As part of an amendment to a larger bill, the Senate approved PAYGO. If signed into law, it requires Congress to identify funding for any legislation before its approved.
That means either a budget cut or a new revenue stream has to be chosen to foot a bill. Health care reform, for example, would have to be funded without creating a deficit before it would meet PAYGO standards.
Hill said the federal budget dipped from a surplus of $236 billion in 2000 with PAYGO in place to a shortfall of $413 billion in 2004 without the regulations.
“As a result, we’ve run up these huge deficits,” Hill said.
Statutory PAYGO was established by the Budget Enforcement Act of 1990, and later renewed in 1997. When it expired in 2002, PAYGO was discontinued by the Republican-controlled Congress.
Having President Barack Obama back PAYGO was a trade-off for Hill supporting the administration’s bail-out spending packages, the Indiana 9th District Democrat said.
Hill and other House Blue Dog Democrats insisted on the PAYGO rules before supporting the stimulus measures.
A fiscal Conservative is how Hill defined his approach to economic and budget issues, but the PAYGO vote in the Senate was straight down the party line with no Republicans voting in favor of the bill that passed 60-40.
Some Conservatives have painted PAYGO as a means to pushing tax increases through Congress.

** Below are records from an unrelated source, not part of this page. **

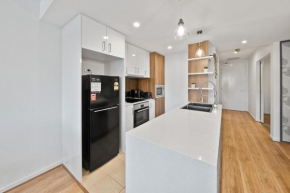 Indoor Pool Gym: Modern Hideout 12-Min From CBD, Canberra
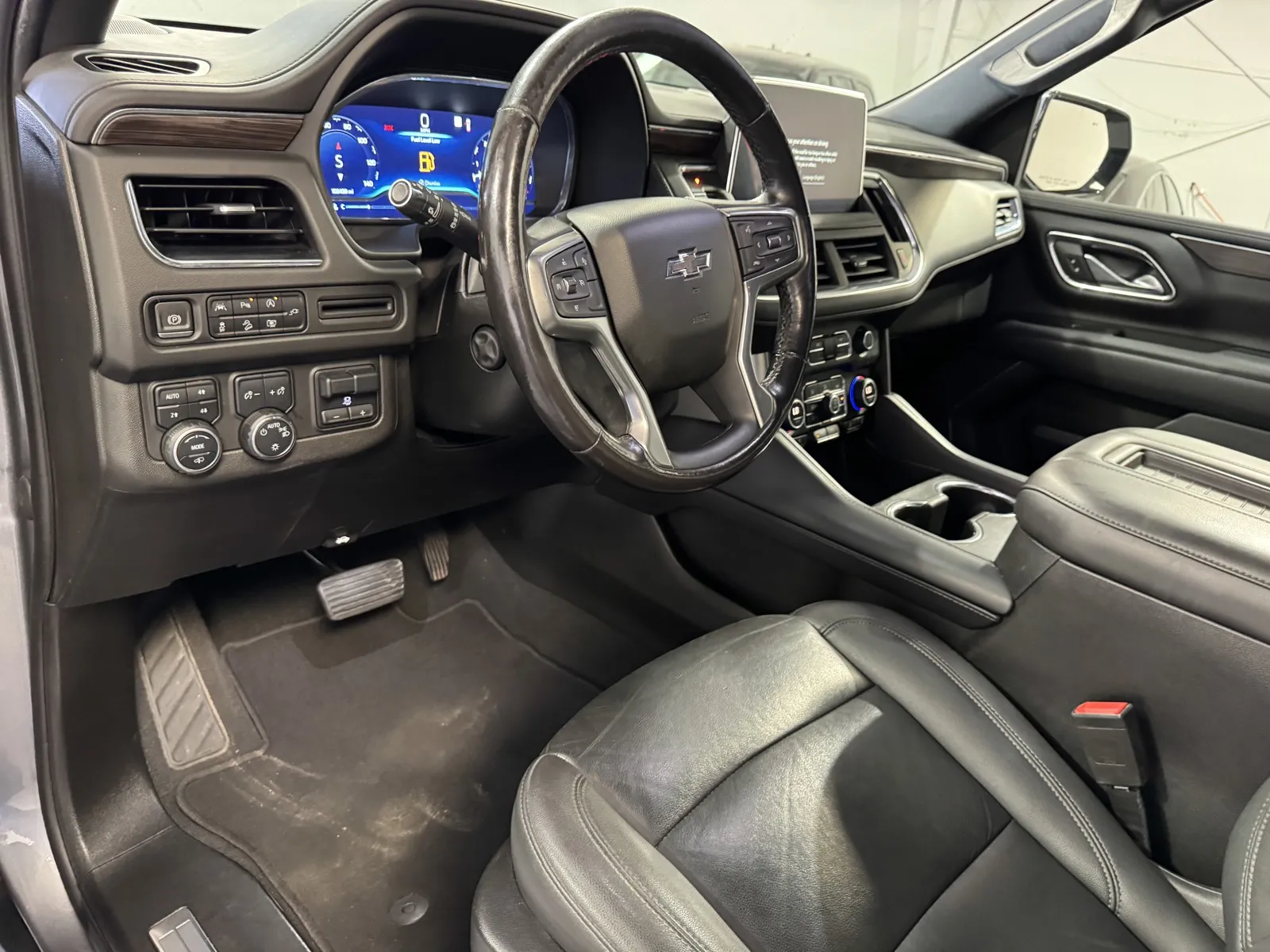 Chevrolet Suburban photo 12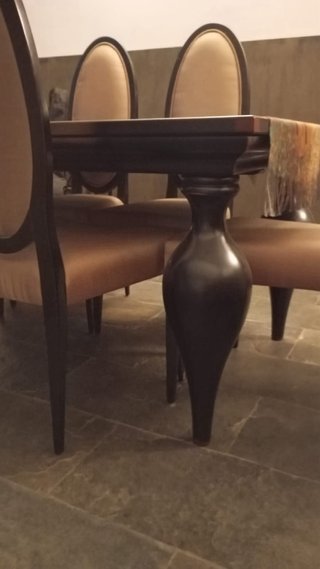 Mesa de comedor  extensible madera maciza oscura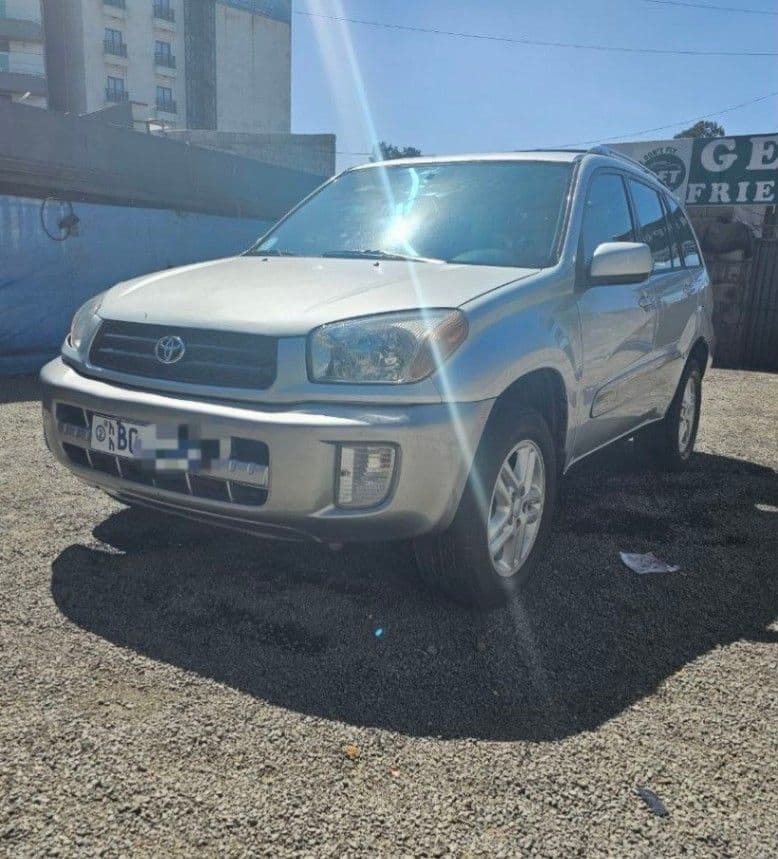 Toyota Rav4, photo 6 of 6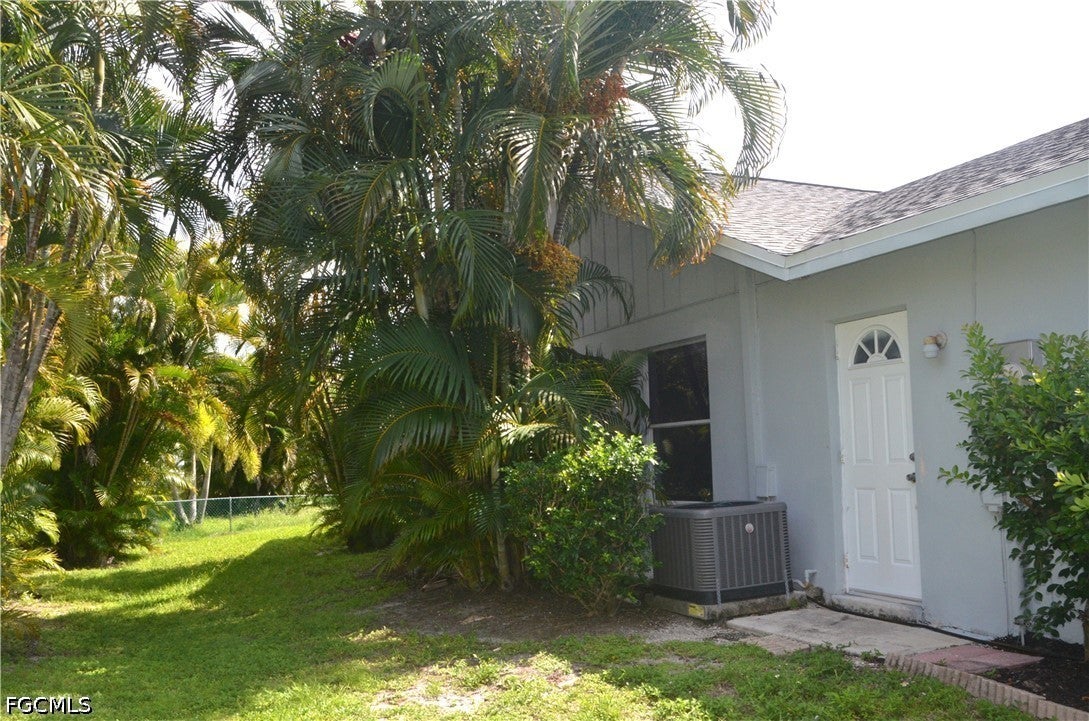 6036 Birnam Wood Ln, Fort Myers, FL 33908 photo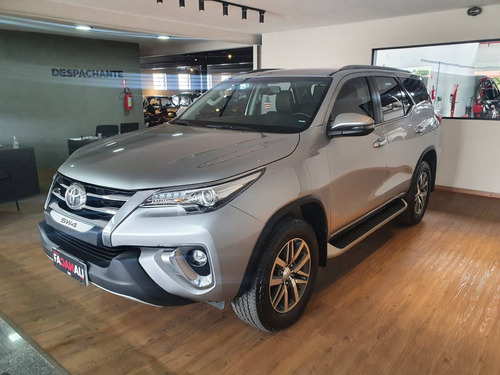 Imagem 2 de 15 de Toyota Hilux Sw4 2.8 Srx 4x4 7 Lugares 16v Turbo
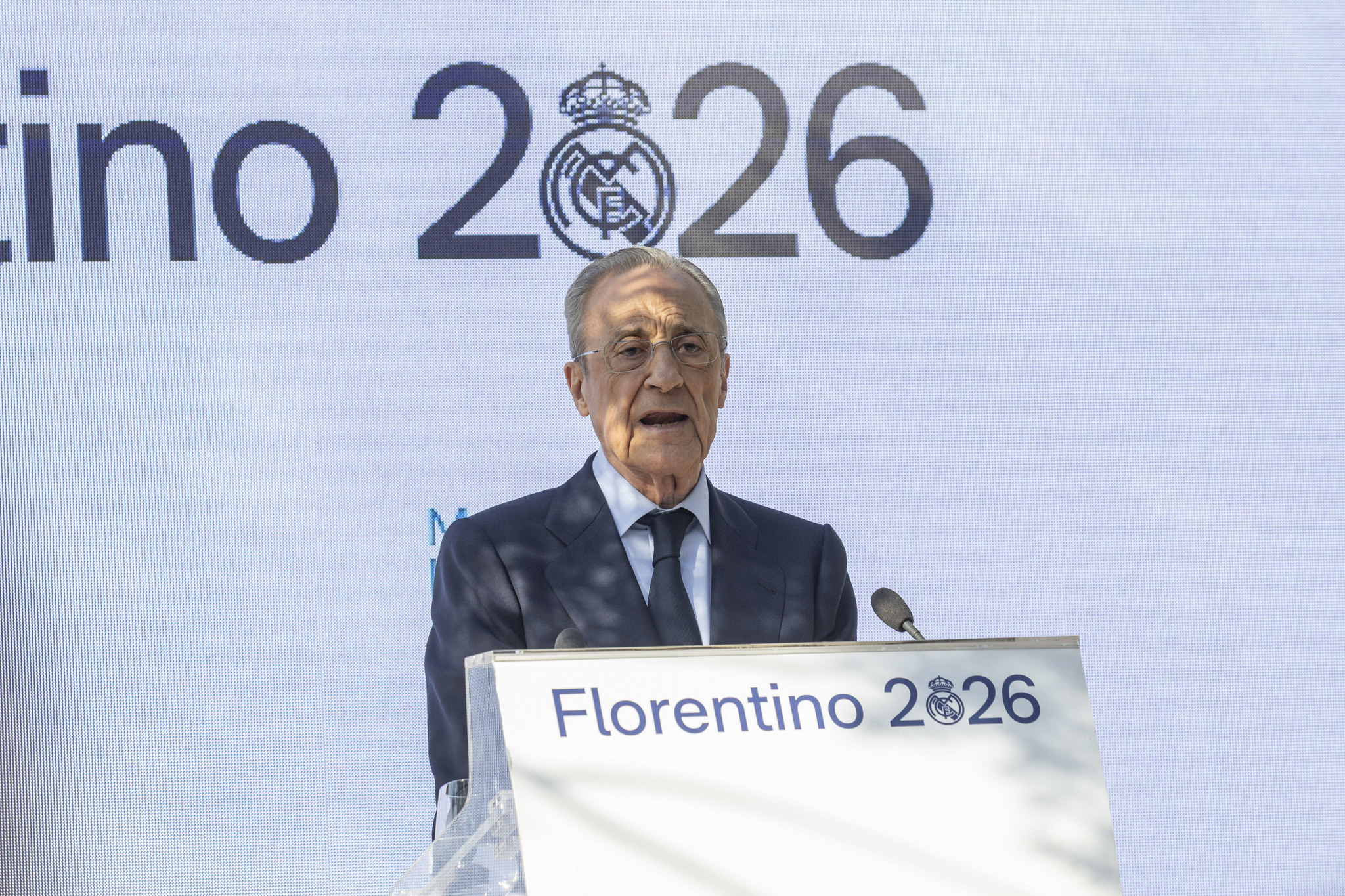 TOLEDO,  lt;HIT gt;01/06/2026.- Florentino lt;/HIT gt; Pérez, candidato a la presidencia del Real Madrid, participa este lunes en un acto con socios y peñas de la provincia de Toledo. EFE/Ángeles Visdómine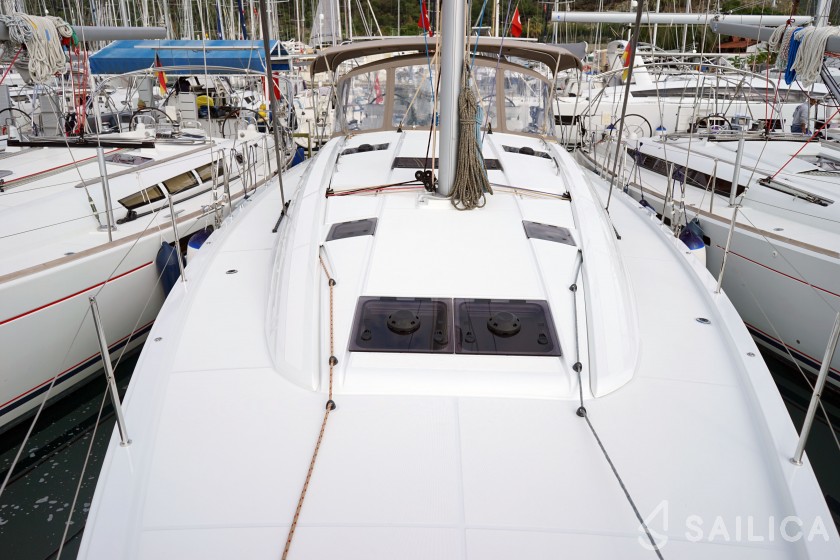 Jeanneau 51 - Yacht Charter Sailica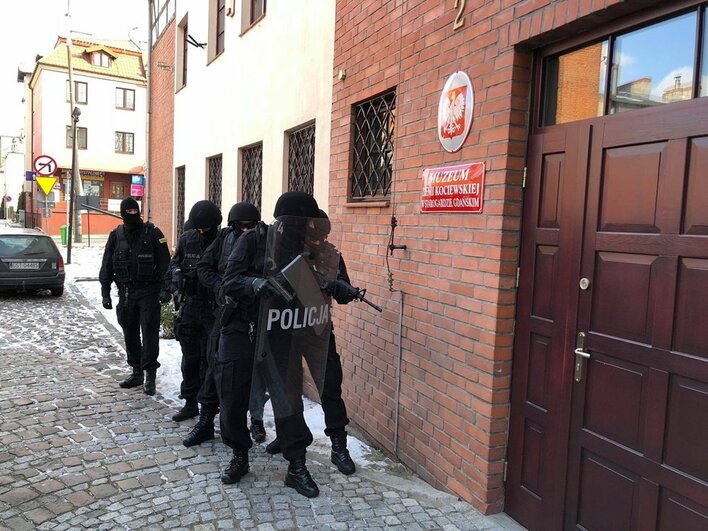 Jednostka Policji z całym wyposażeniem pojawiła się na planie klipu zespołu Drossel - Zobaczcie materiały z nagrań!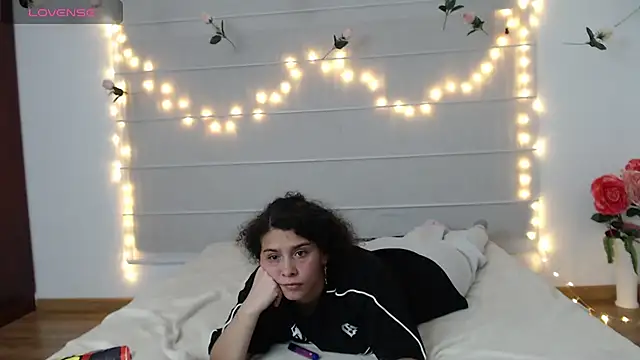 Sarabubbie live cam on StripChat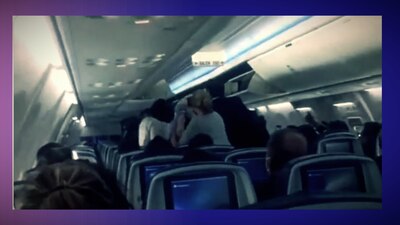 Un par de personas gritaron al presidente al ver que estaba en su mismo vuelo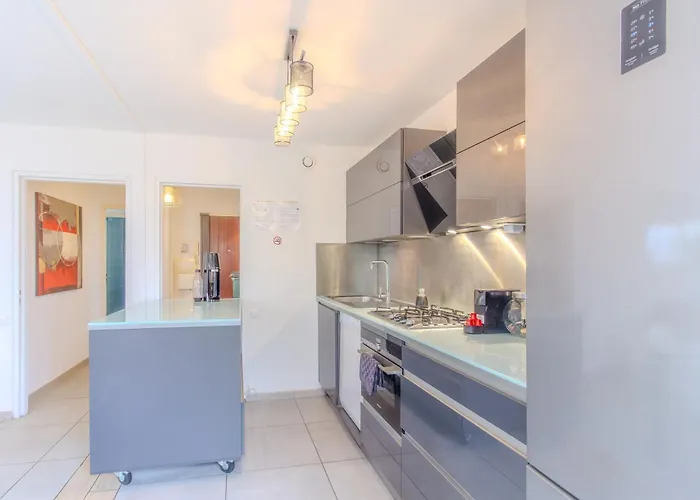 Delmas 3 3 Spacieux Avec Grande Terrasse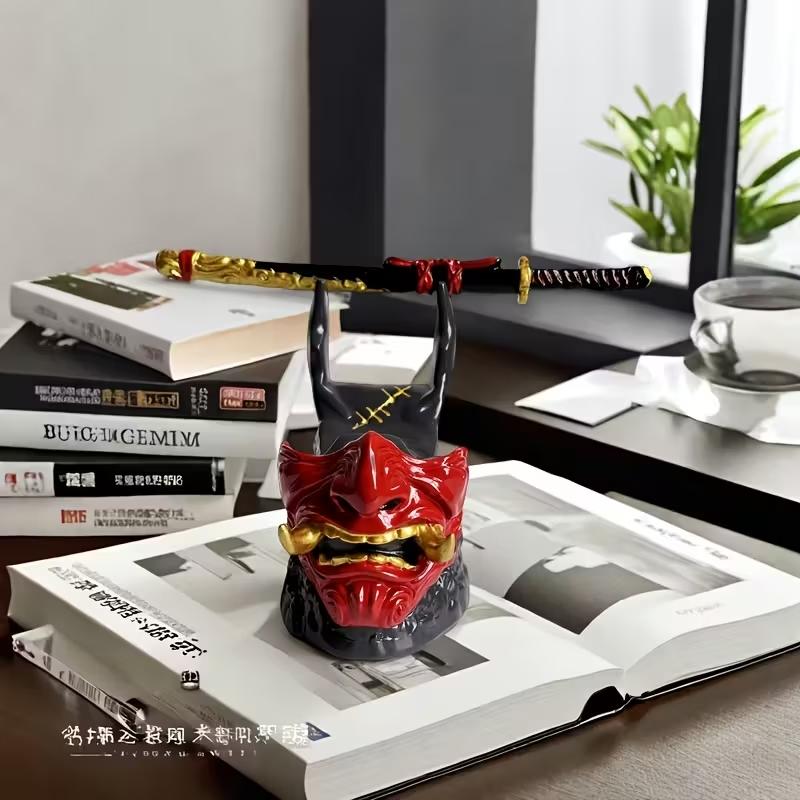 1pc Game Controller Stand, Suitable for Home and Office Phone Holder, Universal Phone Holder, Cell Phone Holder, Store Counter Decoration, Christmas Gift for Gamers and Horror Movie Fans, Unique Gaming Accessory, Exquisite Design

The rules could also make it difficult to extend permanent tax cuts since PAYGO would stipulate the breaks be covered with another tax increase or a budget cut.
According to an Associated Press report, Congress can extend President George W. Bush’s middle-class tax cuts in 2011, but it would add another $1.4 trillion in national debt.
Thursday’s press conference was held at Coast to Coast Advertising, which is located at 1911 Unruh Court.
Especially in hard economic times, Coast to Coast President Karen Bannon said businesses can’t survive in the red for long. Government should follow the same strategy and keep budgets balanced, Bannon said.
“We should know how we’re going to pay for something before we go out and start buying,” she said.
With a November election looming for Hill, he conceded Congress is under intense scrutiny on how its handling spending and the economy. With Democrats in control, he said the party will naturally face the most criticism as unemployment continues to sag on financial recovery.
“No question, the political climate is different right now for Democrats,” he said. “I understand the anger, I understand the frustration, and I’m sensitive to it.”